- Power type: Steam
- Builder: Beyer, Peacock & Company
- Build date: 1897–1898
- Total produced: 5
- Configuration:: ​
- • Whyte: 4-4-0
- • UIC: 2′B
- Gauge: 5 ft 3 in (1,600 mm)
- Leading dia.: 3 ft 0 in (0.914 m)
- Driver dia.: 6 ft 0 in (1.829 m)
- Wheelbase: 39 ft 0+1⁄2 in (11.90 m)
- Length: 47 ft 8+1⁄2 in (14.54 m)
- Width: 8 ft 4 in (2.54 m)
- Height: 13 ft 2 in (4.01 m)
- Axle load: 14 ton 0 cwt + 12 ton 6 cwt
- Adhesive weight: 26 long tons 6 cwt (58,900 lb or 26.7 t)
- Loco weight: 39 long tons 17 cwt (89,300 lb or 40.5 t)
- Tender weight: 28 long tons 17 cwt (64,600 lb or 29.3 t)
- Total weight: 68 long tons 14 cwt (153,900 lb or 69.8 t)
- Fuel type: Coal
- Fuel capacity: 6 long tons (6.1 t)
- Water cap.: 2,090 imp gal (9,500 L; 2,510 US gal)
- Boiler pressure: 160 psi (1.10 MPa)
- Heating surface:: ​
- • Firebox: 87.91 sq ft (8.167 m^{2})
- • Tubes: 705.24 sq ft (65.519 m^{2}) (later arrangement)
- • Total surface: 795.15 sq ft (73.872 m^{2})
- Cylinders: Two
- High-pressure cylinder: LHS: 16 in × 24 in (406 mm × 610 mm)
- Low-pressure cylinder: RHS: 23.25 in × 24 in (591 mm × 610 mm)
- Valve gear: Walschaerts
- Train brakes: Automatic vacuum
- Tractive effort: 11,560 lbf (51.4 kN)
- Factor of adh.: 5.09
- Operators: BNCR; NCC;
- Numbers: 24, 59–62
- Withdrawn: 1924–1932
- Disposition: All rebuilt as classes U1, B1 and B2

= BNCR Class B =

Class of two-cylinder compound locomotives

The Belfast and Northern Counties Railway Class B was a class of 4-4-0 two-cylinder compound steam locomotives that was introduced for passenger service in the north-east of Ireland during the late 1890s.

==History==
The Belfast and Northern Counties Railway (BNCR) in the north-east of Ireland had standardised on locomotives with a 2-4-0 wheel arrangement for its principal passenger locomotives during the 1870s and construction continued through to the mid-1890s. With increasing loads and heavier trains the limitations of that wheel arrangement became apparent and a new design was needed. In 1897 the first purpose-built 4-4-0s, the Class B "Light Compounds", entered service.
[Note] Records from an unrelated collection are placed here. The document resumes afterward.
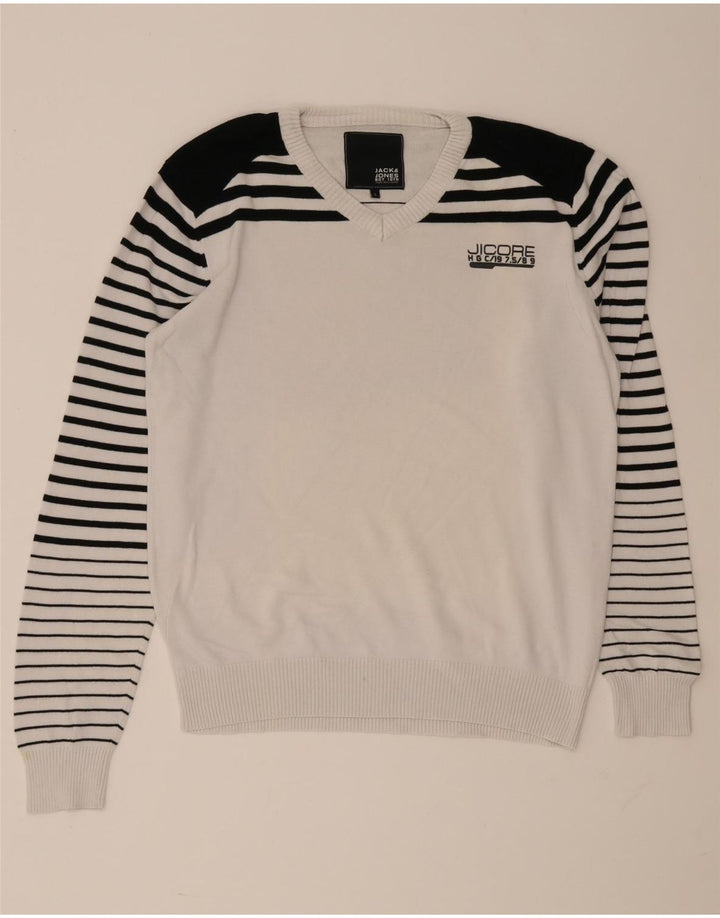 Jack & Jones Herre V-hals sweater Stor hvid Colourblock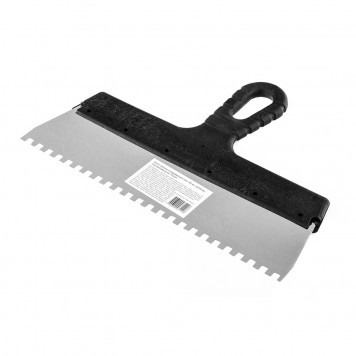 85140 | Шпатель из нержавеющей стали, 300 мм, зуб 6 х 6 мм, пластмассовая ручка Россия, РОССИЯ-1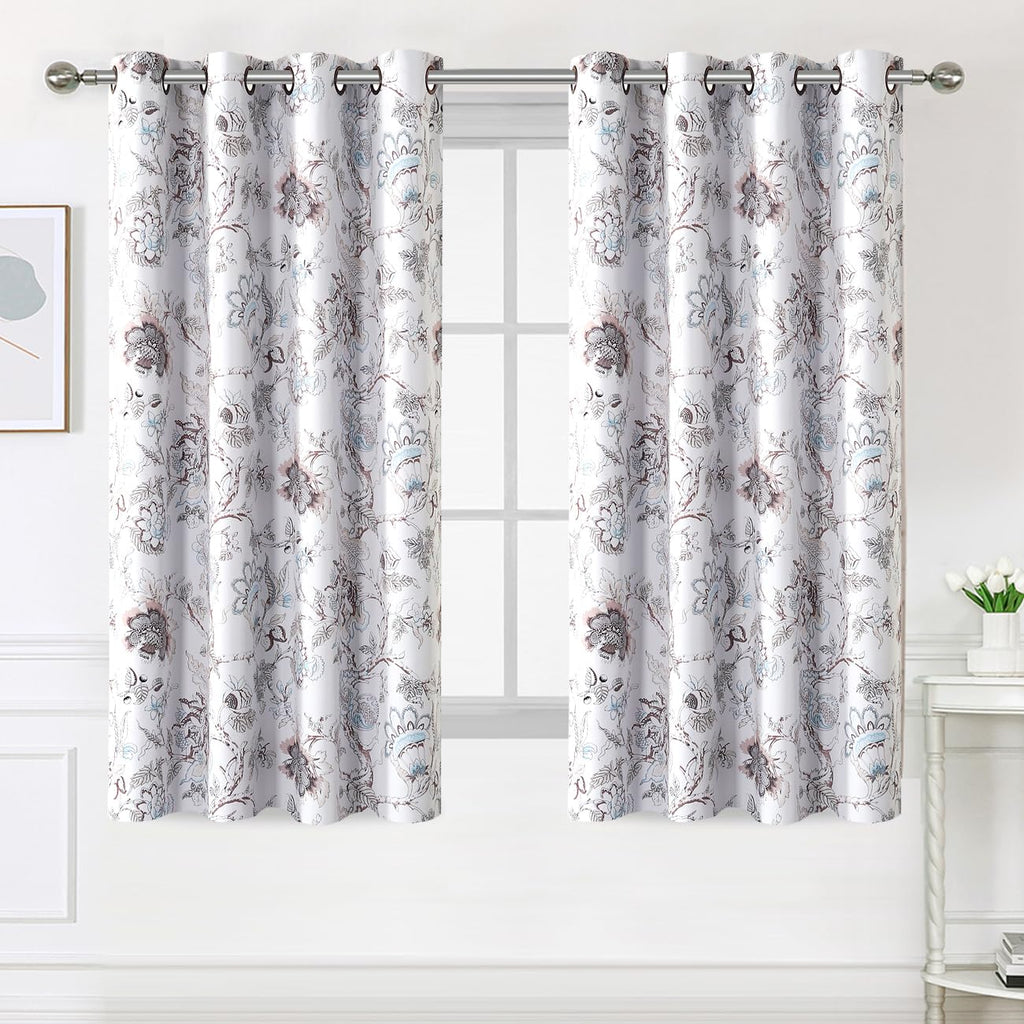 H.VERSAILTEX Blackout Curtains 63 Inch Length 2 Panels Set Floral Print Curtain Drapes for Living Room Thermal Insulated Grommet Window Curtains for Bedroom - Traditional Floral in Antique Green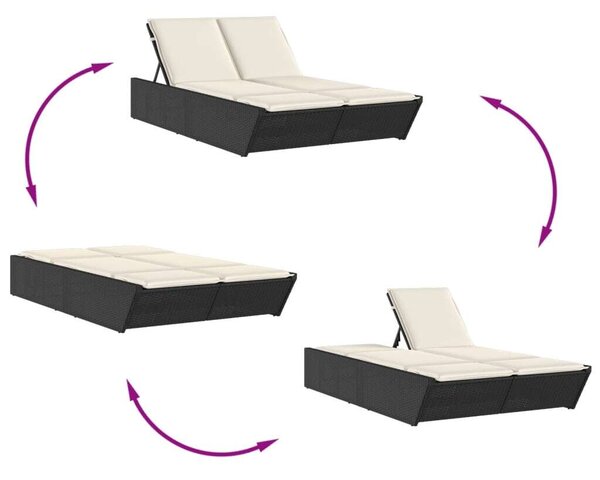 VidaXL Dupla Napozóágy - Fekete Polyrattan - 200cm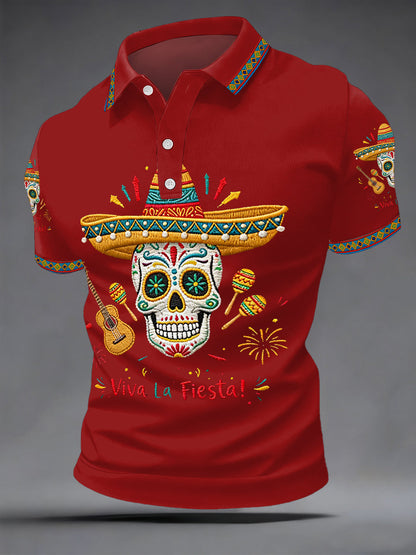 Men's Cinco De Mayo Viva La Fiesta! Print Casual Polo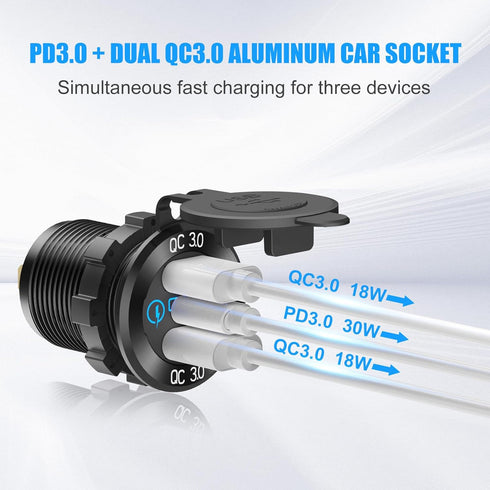 4 in 1-12V USB Outlet RV Accessories, PD3.0 & Dual QC3.0 Car USB Port Aluminum Charger with Lighted 150W Socket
Built by Beyer, Peacock & Company in Manchester, England, the Class B was turned out as a 4-4-0 version of the Class C 2-4-0 that had been introduced during 1890–95. With the same type of boiler and identical cylinder sizes, it was no more powerful than the earlier design.

Two of the class, Nos.59 and 62 were "renewed" in 1924 as Class U1 4-4-0 locomotives although probably very little remained of the original engines except for their wheels and valve gear.

The other three members of the class received less radical rebuilding. Nos.60 and 61 were firstly rebuilt as Class B1 compounds following which they underwent further alterations to become Class B3 4-4-0s in 1932. No.24 was rebuilt as a simple to become the only member of Class B2 in 1925 and again to Class B3 in 1928.

==Livery==
The BNCR painted the locomotives "invisible green" (a very dark bronze green that looked almost black) with vermilion, light blue and yellow lining. The initials "BNCR" in block capitals were carried on the tender sides.

The livery remained the same under Midland Railway administration with the addition of the diamond-shaped Midland Railway crest to the cab sides and the initials "NCC" in gold block capitals on the tender sides. Buffer beams were vermilion, and the smoke box was black.